Record excerpts:
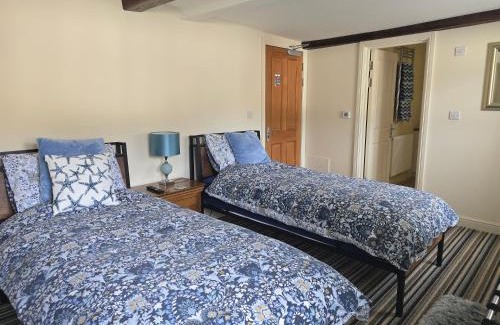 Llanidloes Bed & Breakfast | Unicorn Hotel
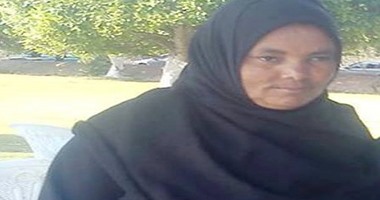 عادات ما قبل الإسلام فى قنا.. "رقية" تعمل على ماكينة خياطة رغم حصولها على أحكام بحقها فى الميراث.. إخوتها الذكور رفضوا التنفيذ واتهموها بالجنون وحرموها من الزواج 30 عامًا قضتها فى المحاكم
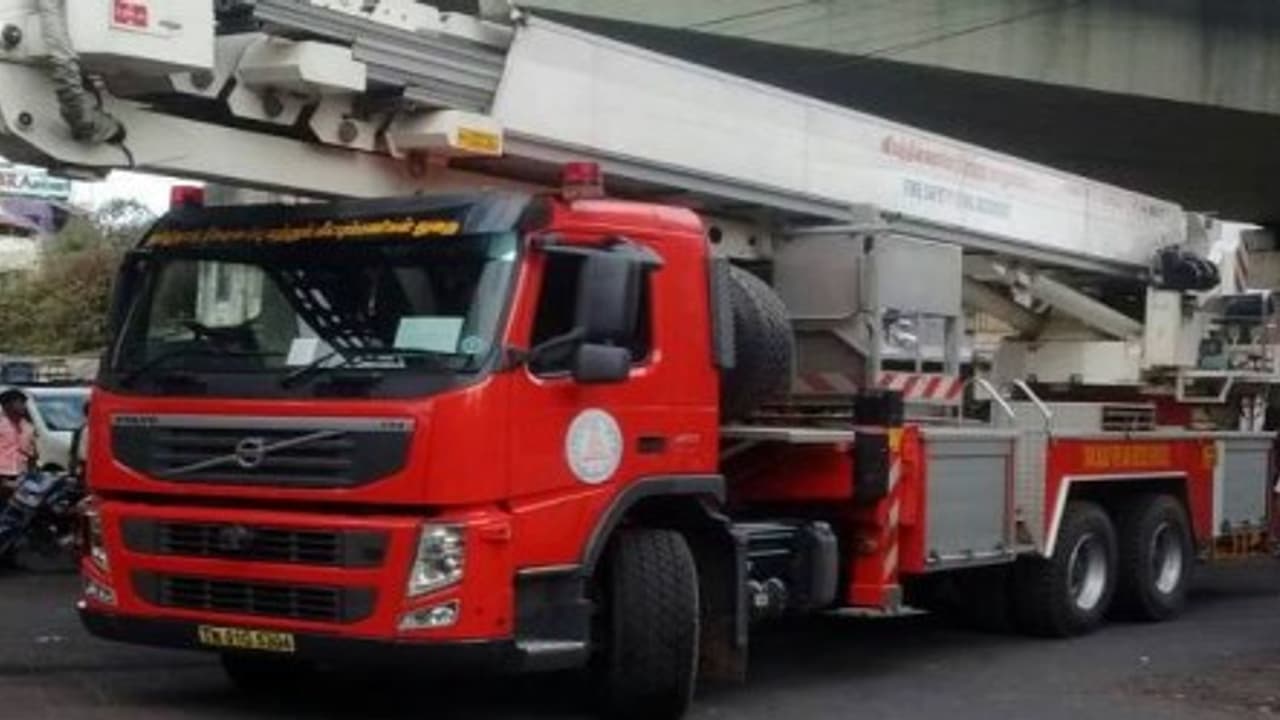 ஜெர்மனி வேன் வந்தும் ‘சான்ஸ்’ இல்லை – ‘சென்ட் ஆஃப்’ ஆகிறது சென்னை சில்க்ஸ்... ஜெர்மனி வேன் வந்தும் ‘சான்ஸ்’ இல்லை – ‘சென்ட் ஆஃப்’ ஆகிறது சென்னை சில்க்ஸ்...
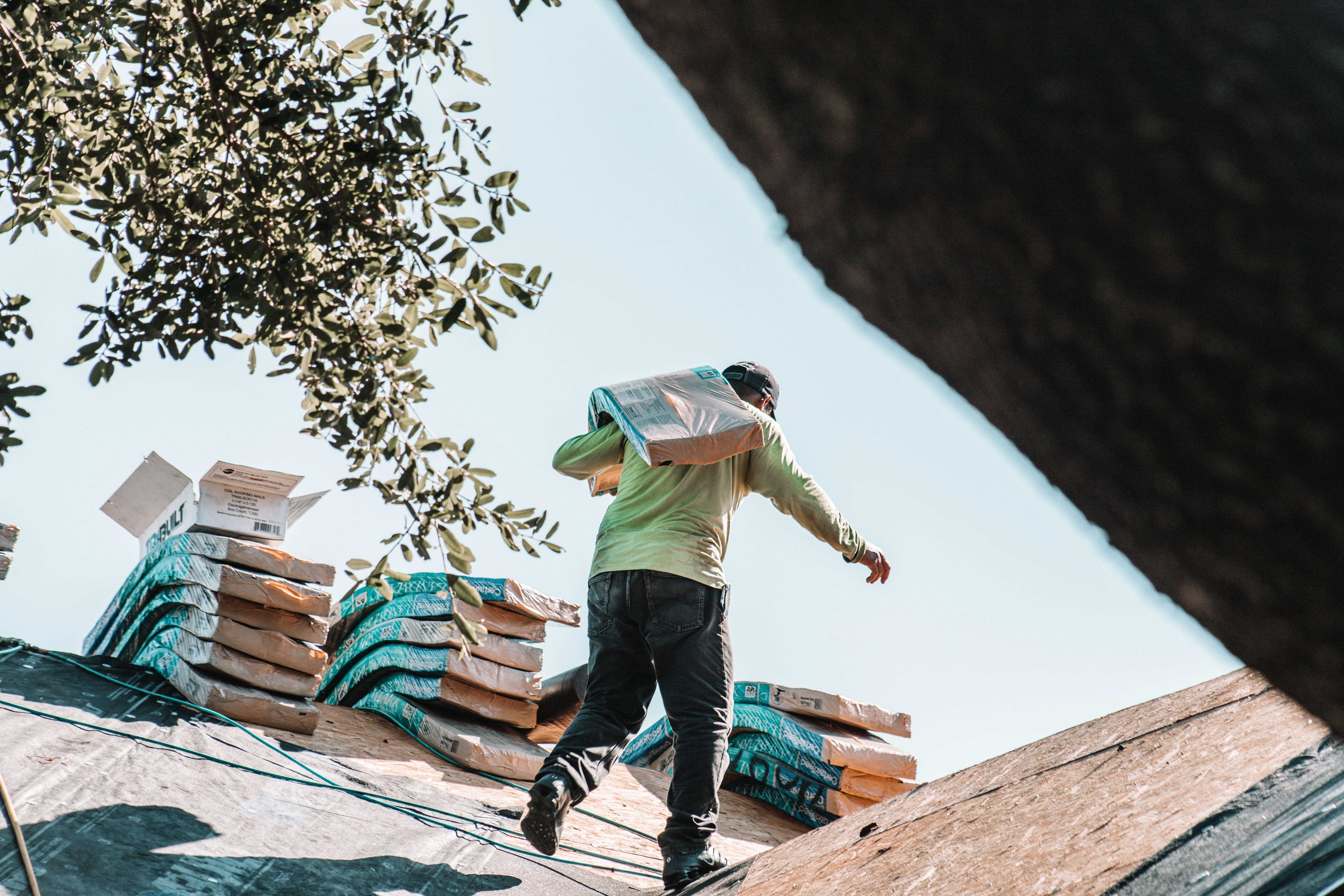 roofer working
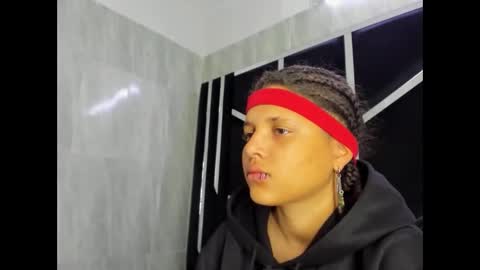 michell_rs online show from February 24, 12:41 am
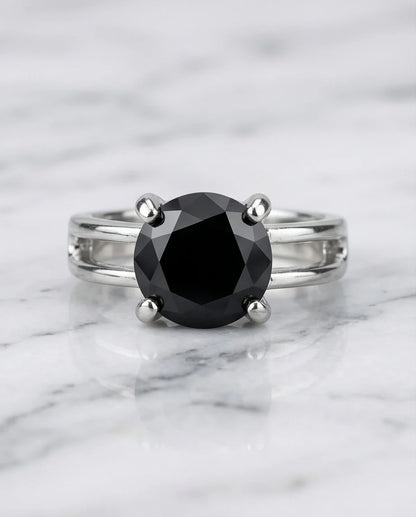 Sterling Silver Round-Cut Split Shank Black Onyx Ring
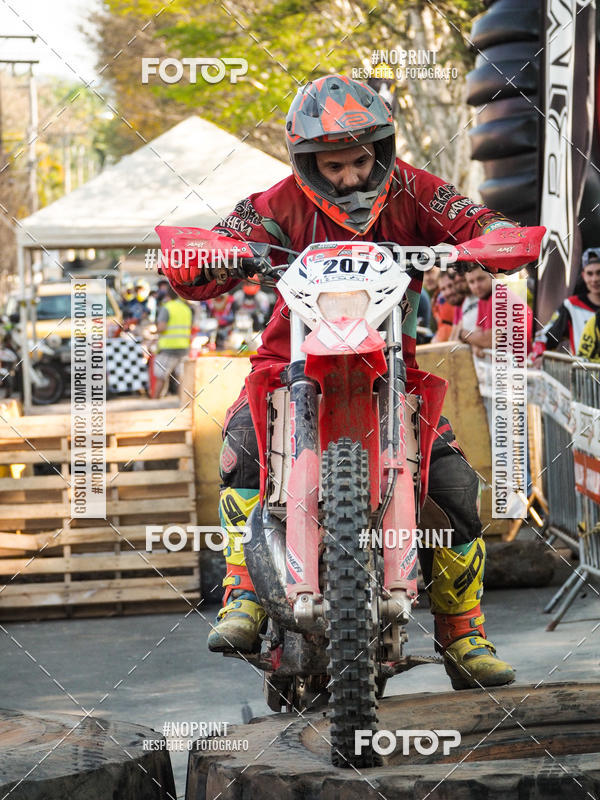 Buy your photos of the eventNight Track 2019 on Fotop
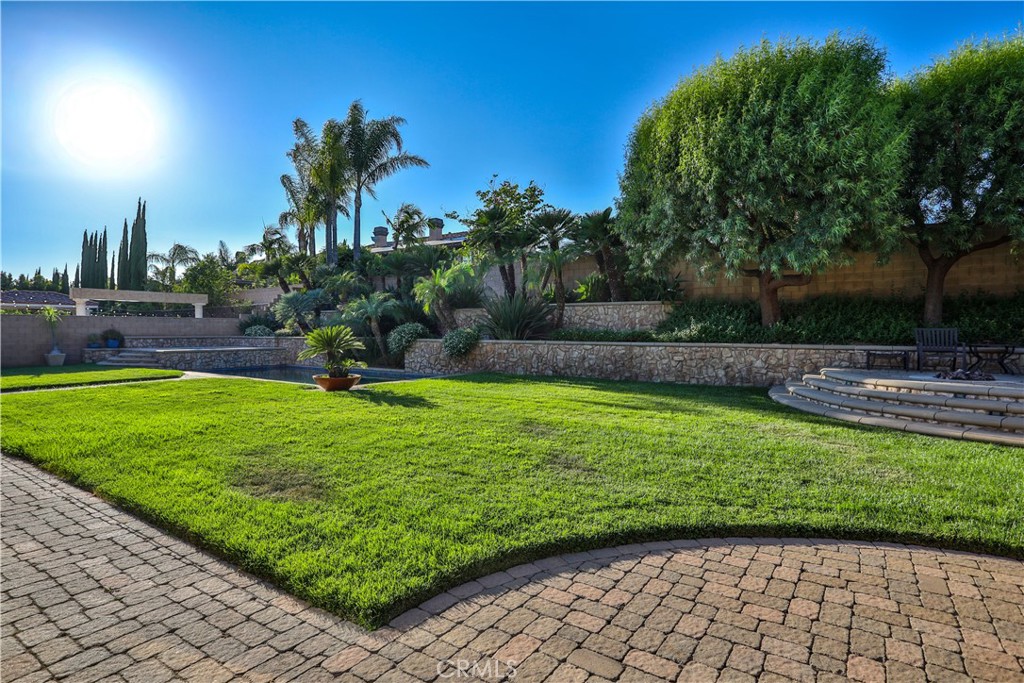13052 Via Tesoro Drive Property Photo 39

---

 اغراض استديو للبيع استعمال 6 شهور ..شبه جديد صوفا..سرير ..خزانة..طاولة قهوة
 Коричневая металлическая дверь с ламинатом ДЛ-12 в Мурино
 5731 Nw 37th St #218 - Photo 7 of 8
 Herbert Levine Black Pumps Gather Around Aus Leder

Your instructions:
The answer should consist only of the lines above from the one with "Buy your photos" through the one with "13052 Via Tesoro Drive Property Photo 39", repeated exactly, with no pictures among them.

Answer to this task:
 Buy your photos of the eventNight Track 2019 on Fotop
13052 Via Tesoro Drive Property Photo 39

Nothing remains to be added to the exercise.